El pueblo de Chicul prestaba a sus muertos una gran atención. Sus habitantes creían que con la muerte su espíritu iba al Lacego, templo donde se encontraba su dios Seyculan. Si alguna persona había obrado mal durante su vida, sin ofrecer un sacrificio por ello, no era enterrada en el cementerio de los "impecables", sino en un lugar cercano, sin arboleda que le diera sombra, sin flores ni frutos, sin tumbas ni indicación alguna, porque eran "almas oscuras"; en tanto que los anteriores gozaban con un arco de flores en su entrada, con arboles frutales y florales en sus pasillos, cuyos productos podían ser cogidos por sus familiares para ornamentar sus sepulcros.
No existían en el pueblo de Chicul religiosos. Todas las enseñanzas relacionadas con sus creencias y las normas a seguir en cuanto al seguimiento de su dios, eran realizadas por los padres con exclusividad, hasta la edad de quince años. Pasado este tiempo, los jóvenes tenían libertad para ponerlas en práctica bajo su responsabilidad durante toda su vida o renunciar a las mismas; cosa que les obligaba a buscar la luz fuera de las montañas donde residían y a convivir con otros pueblos y a que conocieran otras creencias, con el fin elegirlas para siempre o volver a las suyas.
El dibujo que ponemos a continuación muestra el lugar donde vivían Chicul y los suyos.

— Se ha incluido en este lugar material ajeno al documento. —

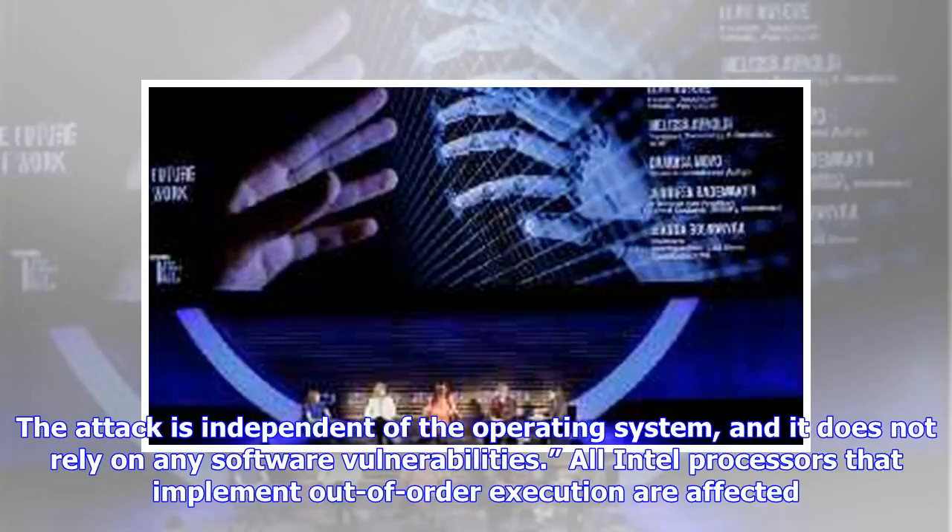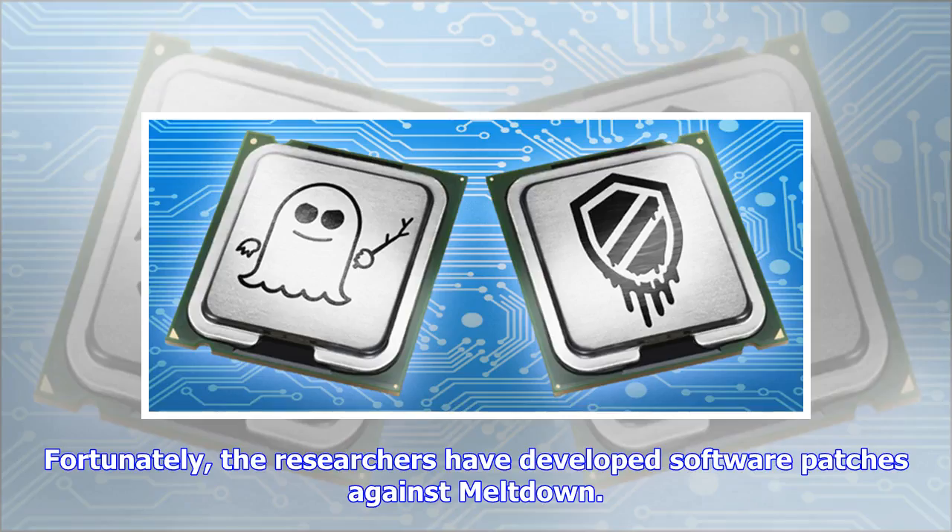The attack is independent of the operating system, and it does not rely on any software vulnerabilities. All Intel processors that implement out-of-order execution are affected. Fortunately, the researchers have developed software patches against Meltdown.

En la cordillera de Sindad, en su montaña más alta, conocida con el mismo nombre, y en su cima existía el templo del dios Seyculan, de acceso dificultoso y construido de piedras procedentes de las demás montañas, y a su sombra estaban las viviendas de sus habitantes, horadadas en el interior de las laderas de la misma. Una encrucijada de caminos rodeaban, ascendiendo y descendiendo desde el templo hasta el valle, donde residieron hacía muchísimos años; pero que tuvieron que abandonar por razones de seguridad, ante el ataque de pueblos primitivos, en la búsqueda de la riqueza de sus minerales preciosos.
Construyendo sus casas en la misma montaña, su defensa ante aquellos enemigos depredadores fue más acertada y al mismo tiempo impedían que les usurparan sus riquezas, las que lucían con orgullo y les permitían sobrevivir con su comercio.
Todas las casas se comunicaban entre sí por una serie de pasadizos o minas que conforme avanzaba el tiempo dieron lugar a un laberinto enorme, que sólo conocían ellos y cuyos dibujos o planos eran guardados celosamente en el arca sagrada del templo, que también daba cobijo a los libros sacros y a la memoria de su historia desde sus orígenes, y vigilada por los pocos guerreros de este pueblo, tanto de día como de noche, o cuando era necesario por los cabezas de familia de las casas más cercanas, que se iban alternando de forma ordenada. Sus viviendas-cuevas eran confortables, a pesar de su rusticidad, gracias al comercio de las piedras preciosas que iban obteniendo del interior de las mismas conforme les hacía falta para obtener de otros pueblos lo que necesitaban.